Even so, some scientists think that neural network computers are enough like human thinking processes to offer a new means of studying how the brain itself works.
Mathematically, some neural network programs have been compared to a flat surface with many troughs or wells in it.
When marbles are dumped onto the surface, the goal is to have the surface tilted so that the marbles fall into the appropriate wells as quickly as possible. Each time a new batch of marbles is dumped on the surface, it readjusts itself to guide each marble into its well as quickly as possible.
Some researchers say that this is also the way that humans learn to do things.
Lina Massone, who holds faculty appointments in Northwestern’s departments of electrical engineering and computer science as well as biomedical engineering, finds connections between the ways computer neural networks operate and the human brain functions.

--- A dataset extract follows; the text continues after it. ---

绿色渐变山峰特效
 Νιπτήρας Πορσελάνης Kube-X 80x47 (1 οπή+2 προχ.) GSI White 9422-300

Massone specializes in using neural net programs to simulate control of human eye and arm movement. She has found in her simulations that neural nets provide much smoother movement control than other strategies.
She also has found that neural net programs provide a flexibility similar to the brain’s. When a computer-controlled arm is instructed to reach for a target and that target is changed, the moment the movement starts the arm’s simulated movement also changes to head for the new target, almost exactly as a person’s arm would under the same circumstances, Massone has found.
“We’re trying to understand the mechanisms the brain might use to coordinate movements,” Massone said. “Some of these are known, but mostly they aren’t. There is a lot of controversy among scientists on this question.”
Massone said computers she programs to simulate an arm’s movement will make initial attempts to reach for a target and sometimes succeed, but often fail. As they try again and again, they discard erroneous strategies and succeed more and more often.
“It’s very similar to the way a baby learns to control limbs, starting with random movements and improving with practice,” she said.
For the moment, Massone’s work is mostly pure research intended to provide insights into human brain processes by using computer simulations. But it may one day find practical application.
Other researchers are working to make robotic controls that mimic human muscles and tendons, creating robots whose motions are more smooth and humanlike than anything available today.
As such robots are built, they will need control systems that mimic the human brain, Massone said, and her work is leading in that direction.
“It’s very exciting,” she said. “I’ll be able to connect my neural network controls to an artificial arm that’s built like a human arm and be able to test these controls. This could be important in making better prosthetic arms for people.”